Essen. . Die Debatte über ein Urteil des Kölner Landgerichts, das die Beschneidung von Jungen im Säuglingsalter verbietet, hält unvermindert an. Eckhard Nagel, ärztlicher Direktor der Uniklinik, spricht sich dafür aus, den Einzelfall zu betrachten. Die körperliche Unversehrtheit eines Kindes aber hält Nagel für ein “zu verteidigendes Rechtsgut“.

Die kontroverse Debatte über ein Urteil des Kölner Landgerichts, das die Beschneidung von Jungen im Säuglingsalter verbietet, hält unvermindert an. Über das Urteil, den Eingriff und die Konsequenzen sprach Jennifer Schumacher mit Eckhard Nagel, dem ärztlichen Direktor der Uniklinik.

Herr Professor Nagel, inwieweit sollte die medizinische Selbstbestimmung über die Religionsfreiheit gestellt werden?

Eckhard Nagel: Im Prinzip geht es hier ja um eine genaue und differenzierte Abwägung verschiedener Auffassungen und Rechtsgüter. Einerseits gibt es die in unserer Verfassung verankerte Religionsfreiheit und das elterliche Erziehungs- und Personensorgerecht. Dem steht auf der anderen Seite das Recht der körperlichen Unversehrtheit des einwilligungsunfähigen Kindes gegenüber. Es gilt hier in einem gesellschaftlichen Diskurs, diese Standpunkte in bedachter und angemessener Weise auch unter dem Aspekt der Verhältnismäßigkeit miteinander in Einklang zu bringen.

Ist das hier geschehen?

Wir müssen ganz genau den Einzelfall betrachten. Die religiös-kulturell motivierte, medizinisch sachgerecht durchgeführte Beschneidung eines Jungen ist sicherlich in diesem Kontext anders zu bewerten als eine ganz eindeutig verstümmelnde Beschneidung von jungen Mädchen. Insofern muss generell Verständnis dafür aufgebracht werden, dass das Recht der körperlichen Unversehrtheit bei nicht einwilligungsfähigen Kindern ein höchst relevantes und auch gegenüber elterlichen Einschätzungen zu verteidigendes Rechtsgut ist.

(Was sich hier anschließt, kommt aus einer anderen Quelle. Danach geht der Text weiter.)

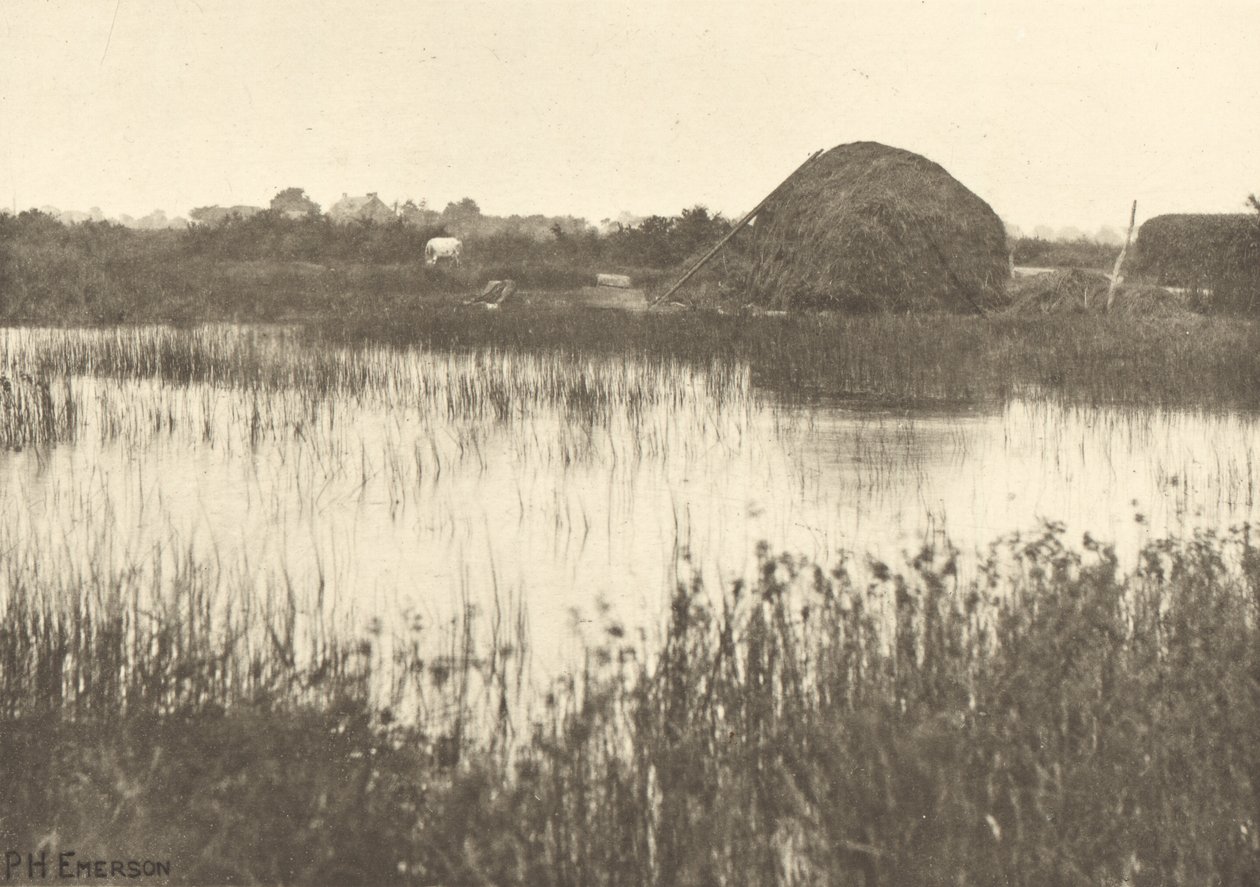 Podzimní povodně od Peter Henry Emerson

Begrüßen Sie das Urteil oder überwiegt bei Ihnen die Skepsis?

Ich stehe diesem Urteil in dieser Form und mit der Entstehungsgeschichte eher ambivalent gegenüber. Die in einem solchen Fall notwendige Abwägung verschiedener Standpunkte und Rechtsauffassungen ist nach meiner Ansicht nicht voll umfassend erfolgt. Zunächst einmal ist festzuhalten, dass für Juden und Muslime die Beschneidung eine ganz immanente Rolle als Zeichen der religiösen und kulturellen Zugehörigkeit spielt. Das durch die Eltern zu tragende Recht der Personensorge umfasst ja auch religiöse Belange. Zwar stellt die Beschneidung einen irreversiblen Eingriff dar, aber selbst mit dieser Maßnahme ist ja auch eine gute individuelle Entwicklung des Kindes, gegebenenfalls auch außerhalb der von den Eltern vorgegebenen religiösen Ausrichtung, sehr gut möglich. Hinzuzufügen ist des Weiteren, dass viele Männer auch außerhalb von spezifisch religiösen Kontexten und medizinischen Indikationen beschnitten sind.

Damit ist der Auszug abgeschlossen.